On the podcast I talked with Ken Booth, a man who used to be my boss a few jobs ago. I have always enjoyed chewing the fat with him. He’s a clever and well-read person, so it was only a matter of time before he was on the show. Also he let me work for him for four-and-a-half years, so he’s clearly very smart.

Actually, he took a chance on me. I was leaving broadcasting and he was running what was then a news site that was something between a startup and a mainstay. They were making money and hiring and I was a journalist who could code a little and do some other things and we found ways to make it work and it became one of those things that led to other things and turned out to be pretty important, that job and the things I did and learned there. So I was clearly very smart to take the job.
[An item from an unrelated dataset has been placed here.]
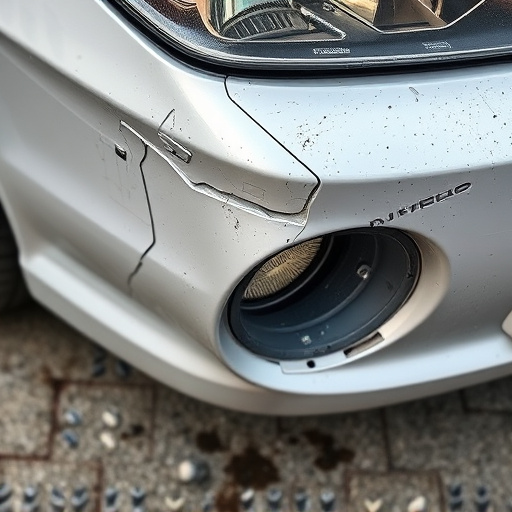 damaged car bumper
And now here we are today, about 14 years since he hired me and nine-and-a-half years since I left — it seems like two lifetimes ago – talking about the success of the young craft brewing industry:

Also, most of today was spent in the car. Allie came along. She’s a great traveler, but we think she might not like the leather interior of my car. She spent most of the trip in the floorboard:

We drove for about seven hours — which is about four more hours than anyone should ever be in a car, but the cat was fine — and finally made it through a land where they now advertise on buses:

And now we have arrived, for a quick family trip and a birthday and more time in the car. And that’s the weekend. How’s your weekend shaping up?